Abstract

Flexible supercapacitors (FSCs) have attracted significant interest in accordance with the rapid development of wearable electronic devices. One of the most promising ways of facilitating flexible devices is the utilization of textile substrates. However, to realize the applicability of textile substrates, coating adhesive conduction layers and capacitively active electrode materials is strongly required on the textile substrate. The deposition of those layers usually requires the further heat treatment, which can physically damage polymer and cloth-based textile substrates. Therefore, finding an effective way to construct those layers without thermal and physical damages to the textile substrate during the fabrication process has remained challenging.
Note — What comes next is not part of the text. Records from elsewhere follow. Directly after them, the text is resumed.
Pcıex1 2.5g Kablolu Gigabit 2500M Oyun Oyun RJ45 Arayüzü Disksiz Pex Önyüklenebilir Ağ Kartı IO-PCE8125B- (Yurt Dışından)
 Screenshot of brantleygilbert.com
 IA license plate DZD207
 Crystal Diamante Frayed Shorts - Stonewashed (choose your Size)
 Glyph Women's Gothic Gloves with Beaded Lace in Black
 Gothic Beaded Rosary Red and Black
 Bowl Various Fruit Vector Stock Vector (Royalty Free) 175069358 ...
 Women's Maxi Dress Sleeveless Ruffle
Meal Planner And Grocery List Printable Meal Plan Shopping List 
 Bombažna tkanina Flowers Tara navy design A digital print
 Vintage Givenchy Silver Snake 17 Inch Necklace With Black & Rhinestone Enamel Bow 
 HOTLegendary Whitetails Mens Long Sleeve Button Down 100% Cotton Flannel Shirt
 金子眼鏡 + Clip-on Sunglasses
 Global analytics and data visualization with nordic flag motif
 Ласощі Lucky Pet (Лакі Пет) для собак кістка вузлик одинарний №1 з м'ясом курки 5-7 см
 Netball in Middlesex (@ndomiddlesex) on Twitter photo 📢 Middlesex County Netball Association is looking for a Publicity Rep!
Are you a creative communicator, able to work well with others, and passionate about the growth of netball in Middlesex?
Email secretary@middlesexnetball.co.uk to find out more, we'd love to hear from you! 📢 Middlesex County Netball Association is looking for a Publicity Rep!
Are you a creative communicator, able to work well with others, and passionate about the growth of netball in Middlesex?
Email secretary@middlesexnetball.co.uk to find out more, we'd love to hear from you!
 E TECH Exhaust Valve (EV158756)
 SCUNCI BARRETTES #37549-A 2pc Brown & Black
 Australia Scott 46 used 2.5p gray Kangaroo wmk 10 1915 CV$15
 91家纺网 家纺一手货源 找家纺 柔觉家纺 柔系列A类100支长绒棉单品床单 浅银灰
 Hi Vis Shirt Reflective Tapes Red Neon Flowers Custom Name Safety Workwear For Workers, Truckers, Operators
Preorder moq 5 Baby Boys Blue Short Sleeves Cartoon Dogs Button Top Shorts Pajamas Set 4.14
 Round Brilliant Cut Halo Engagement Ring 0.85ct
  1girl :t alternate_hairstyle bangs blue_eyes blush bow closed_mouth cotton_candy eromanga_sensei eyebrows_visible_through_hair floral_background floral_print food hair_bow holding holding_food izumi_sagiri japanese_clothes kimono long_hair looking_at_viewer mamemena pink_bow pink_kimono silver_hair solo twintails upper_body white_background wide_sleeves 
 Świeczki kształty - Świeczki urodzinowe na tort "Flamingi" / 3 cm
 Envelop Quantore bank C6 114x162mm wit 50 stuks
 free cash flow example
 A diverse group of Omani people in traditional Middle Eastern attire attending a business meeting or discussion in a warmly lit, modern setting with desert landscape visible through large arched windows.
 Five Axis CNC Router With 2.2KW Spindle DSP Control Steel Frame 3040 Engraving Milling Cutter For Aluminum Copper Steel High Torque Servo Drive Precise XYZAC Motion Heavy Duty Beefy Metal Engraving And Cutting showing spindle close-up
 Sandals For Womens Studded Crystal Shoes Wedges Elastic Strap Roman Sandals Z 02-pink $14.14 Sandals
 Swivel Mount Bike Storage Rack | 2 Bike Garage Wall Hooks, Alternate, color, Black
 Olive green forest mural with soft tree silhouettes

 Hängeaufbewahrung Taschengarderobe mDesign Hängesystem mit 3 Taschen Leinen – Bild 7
In this work, two-dimensional copper sulfide (CuxS) nanoflake arrays were directly synthesized on a commercially available conductive Ni–Cu fabric (CSF/Ni–Cu) via a simple low-temperature all-solution process. This method can maintain the original flexible characteristics and durability of the conductive textile substrate, implying the high possibility of mass production and industrialization. The optimized CSF/Ni–Cu electrodes yielded an excellent gravitational capacitance of 3263 F/g and 453.2 mAh/g at 1 mA/cm2 current density and an outstanding cycling stability of 97.2% over 10,000 charge–discharge cycles, verifying their superior electrochemical performance. The integrated textile-based solid-state flexible asymmetric supercapacitors (T-FASCs) successfully powered the multi-arrays of light-emitting diode and a mobile phone, demonstrating the practical feasibility of the textile supercapacitors with the CSF/Ni–Cu electrode.